Beyond these oral tablets, zolpidem is also available as a sublingual tablet (Edluar) that dissolves under the tongue and an oral spray (Zolpimist). A lower-dose sublingual tablet (Intermezzo) was designed specifically for middle-of-the-night awakenings.
How Long It Lasts in Your Body
Ambien is a short-acting drug. The immediate-release version has an average half-life of about 2.2 hours in healthy adults, meaning half the drug is cleared from your system in roughly that time. The extended-release version has a slightly longer half-life of around 2.8 hours. In clinical trials, Ambien CR reduced nighttime wakefulness for up to seven hours during the first couple of nights and for about five hours after two weeks of regular use.

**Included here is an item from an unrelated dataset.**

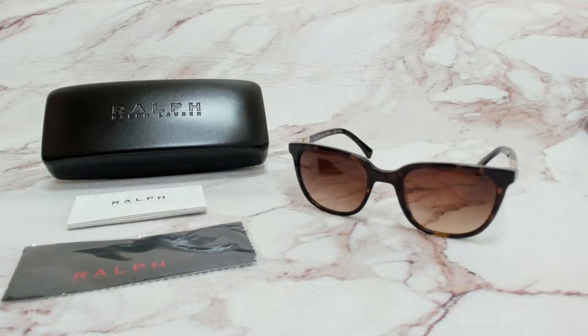Hi everyone, greetings from iSpecs.com. I'll be demonstrating Ralph Lauren sunglasses, model RA 5206, color code 137813.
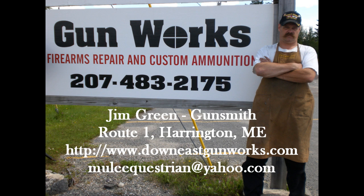If you're living in Down East Maine, come by the shop for a visit. We're located on Route 1 in Harrington. If you live elsewhere, you can reach us at www.DownEastGunWorks.com or call the shop at area code 207-483-2175. If you found this video helpful or interesting, please leave a comment and rate the video. If you subscribe to my YouTube channel, you'll always know when I've posted something new. Thanks again for watching — I'll see you next time.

Despite its short half-life, the drug can impair you the next morning. This is especially true with the extended-release form. The FDA warns that patients can experience reduced mental alertness the morning after taking Ambien, even when they feel fully awake. This matters for driving, operating machinery, or anything requiring sharp focus early in the day.
Dosing Differences Between Women and Men
In 2013, the FDA took the unusual step of recommending different starting doses for women and men. Women clear zolpidem from their bodies more slowly, which means higher levels of the drug can still be circulating the next morning. For the immediate-release version, the recommended starting dose for women is 5 mg, while men can start at either 5 or 10 mg. For the extended-release version, women start at 6.25 mg; men can start at 6.25 or 12.5 mg. All doses are taken once, immediately before bedtime.
Complex Sleep Behaviors
Ambien carries an FDA boxed warning, the most serious type of safety alert, for the risk of complex sleep behaviors. These are activities people perform while not fully awake and typically have no memory of afterward. They include sleepwalking, sleep-driving, making phone calls, preparing food, and having conversations. While these events are rare, they have resulted in serious injuries and, in some cases, deaths. The FDA’s warning applies to anyone who has experienced even one episode: the recommendation is to stop taking the medication.
Why It’s a Controlled Substance
Ambien’s Schedule IV classification reflects the federal government’s assessment that it carries some risk of abuse and physical dependence, though less than drugs in higher schedules. In practice, dependence can develop when the drug is used nightly for more than a few weeks. People who stop abruptly after regular use may experience rebound insomnia, where sleep difficulty temporarily worsens beyond what it was before starting the medication. Tolerance, needing a higher dose to get the same effect, is also possible with prolonged use. This is one reason the FDA approval specifies short-term treatment rather than ongoing nightly use.